I’m also curious how “Chet” knows what he states as a blunt fact in the first graf of his own (“since it’s not”). Unless it flows from blind authorityphobia, thus making Carter’s very point.
— Victor Morton · Jul 28, 10:55 PM · #
Even accepting Joe’s preference for public order, in the Gates situation, couldn’t public order have been restored very quickly by the officer saying “Sorry to have bothered you” and leaving?
— Steven Donegal · Jul 28, 11:10 PM · #
Ooh, well, I am not a libertarian, and I don’t live in Cambridge, but I certainly don’t want people here on the Upper West Side to stand on their stoops and yell at the police. It would make the neighborhood seem very slummy. So, as a voter and taxpayer, I would be in favor of arresting anyone who does that. So I think would a majority of New Yorkers, given their recent mayoral votes.
— y81 · Jul 28, 11:32 PM · #
Conor:
Does the fact that the 911 call reported someone trying to bust down a door with a crowbar enter into your thinking on this at all? I believe that was why Crowley went there in the first place. So he certainly had good reason to suspect an “undesirable.”
Professor Gates would expect a good officer to act promptly if some other black guy was trying to bust down his door.
Where exactly does this thing become the fault of the officer? I guess it’s when he doesn’t walk away from a Harvard professor calling him a racist, profiling, stupid cop (Do you know who I AM?). Obviously, I don’t know how this went down, but I bet it’s something like that. And I believe that there is a digital voice recording of this incident.
If Gates went off on the cop like I think he did, it’s pretty obvious that the cop had to step on him harshly. If you’re the citizen and the cop says shut-up, then shut up.
The truly sad thing about this is that the community-organizer-in-chief chose to make this a national issue. But then maybe we needed to have some more “dialogue” about race.
— jd · Jul 29, 12:21 AM · #
. . .the discretion afforded police by disorderly conduct laws led to an arrest even though public order wasn’t threatened.

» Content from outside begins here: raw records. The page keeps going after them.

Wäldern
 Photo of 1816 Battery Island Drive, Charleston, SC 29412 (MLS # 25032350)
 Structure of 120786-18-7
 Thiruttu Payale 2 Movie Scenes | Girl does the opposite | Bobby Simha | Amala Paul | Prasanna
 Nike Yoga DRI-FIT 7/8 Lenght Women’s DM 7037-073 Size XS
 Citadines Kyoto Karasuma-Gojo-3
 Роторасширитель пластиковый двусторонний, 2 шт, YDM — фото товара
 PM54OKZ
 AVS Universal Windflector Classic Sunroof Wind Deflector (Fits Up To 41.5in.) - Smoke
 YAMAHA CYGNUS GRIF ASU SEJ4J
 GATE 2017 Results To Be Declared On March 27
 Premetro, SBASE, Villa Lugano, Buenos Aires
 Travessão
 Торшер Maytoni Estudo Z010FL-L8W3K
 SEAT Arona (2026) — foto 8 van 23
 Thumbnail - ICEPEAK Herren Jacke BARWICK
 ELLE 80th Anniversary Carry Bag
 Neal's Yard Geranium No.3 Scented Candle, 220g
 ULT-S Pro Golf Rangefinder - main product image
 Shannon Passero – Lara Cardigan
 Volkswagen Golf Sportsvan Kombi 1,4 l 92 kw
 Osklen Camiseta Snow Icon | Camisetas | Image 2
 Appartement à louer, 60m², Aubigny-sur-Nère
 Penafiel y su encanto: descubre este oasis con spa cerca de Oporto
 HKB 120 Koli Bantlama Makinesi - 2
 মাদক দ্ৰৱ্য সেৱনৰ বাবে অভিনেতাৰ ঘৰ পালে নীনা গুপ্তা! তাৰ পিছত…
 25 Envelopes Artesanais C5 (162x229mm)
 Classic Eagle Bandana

This is a fair point—at least in hindsight. And I’ll certainly concede that his case isn’t the best example of public order arrest. But I think it bolsters my point that libertarians tend to think that most situations are like this since it aligns with their middle-class experiences. Basing what cops should do universally based on an incident in Cambridge would be unwise.
. . . he was a law-abiding Cambridge resident standing in his own house, which happens to be located in a perfectly orderly neighborhood.
But one of the reasons its a perfectly orderly neighborhood is because the residents don’t make a habit of standing on their porches yelling at cops. Gates breakdown in personal order necessitated order-restoration by a public official.
Again, I’ll grant that this particular situation isn’t the best example of may point. But consider if the scenario had played out a different way. Imagine if the officer had walked away from an agitated Gates, who then goes back in the house to gets a gun. Since he believes the cop is a racist he thinks he needs to take preemptive action to protect himself from a vengeful, bigoted cop, so he shoots the officer or misses and shoots and innocent bystander.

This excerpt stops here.